Two-year data show investigational drug liraglutide more effective at lowering blood sugar than glimepiride

Two-year data show investigational drug liraglutide more effective at lowering blood sugar than glimepiride (7 Jun 2009)

New Orleans - Data presented today at the 69th Annual Scientific Sessions of the American Diabetes Association (ADA) showed that once-daily liraglutide, taken as monotherapy, leads to statistically significant and sustained reductions in blood sugar and weight after two years of treatment. 

In the study, 58% of patients treated with liraglutide 1.8 mg once daily reached and maintained the ADA's blood sugar target of HbA1C less than 7% versus 37% of patients treated with glimepiride 8 mg once daily.(1)

"The fact that liraglutide continues to effectively lower blood sugar after two years of treatment is consistent with its other long-term clinical benefits such as continued reductions in fasting blood sugar and weight," said Dr Alan Garber, Baylor College of Medicine, Houston, a LEADTM 3 principal study investigator. "Even with available treatments, many type 2 diabetes patients still struggle to control their blood sugar, while losing weight. Liraglutide represents an important advance for these patients."
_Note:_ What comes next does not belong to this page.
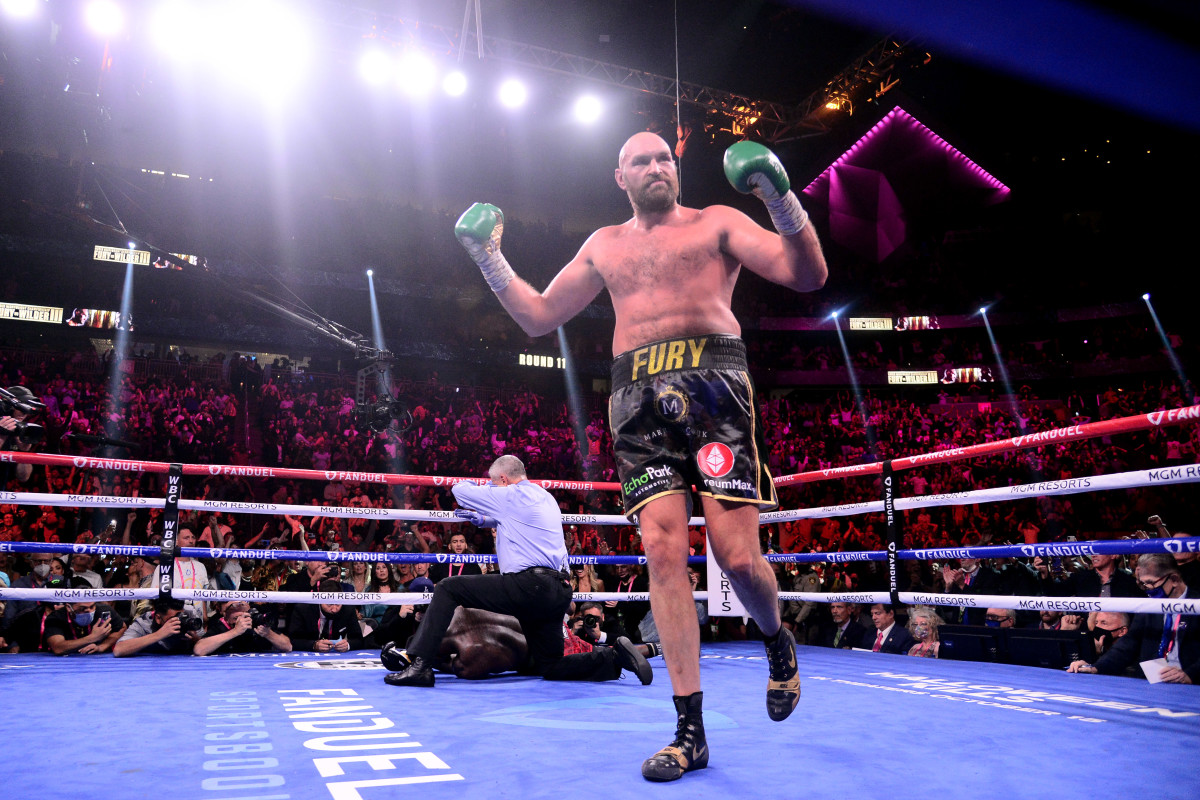 Tyson Fury stands with his fists raised while Deontay Wilder lays behind him knocked out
The LEADTM 3 extension study also documented that treatment with liraglutide leads to early and lasting weight loss. Many currently available diabetes treatments lead to weight gain(2), a concern for type 2 diabetes patients, most of whom are already overweight.(3)  After two years of treatment with 1.8 mg of liraglutide, mean body weight decreased significantly (-2.7 kg) compared to overall weight increase in the glimepiride group (+1.1 kg).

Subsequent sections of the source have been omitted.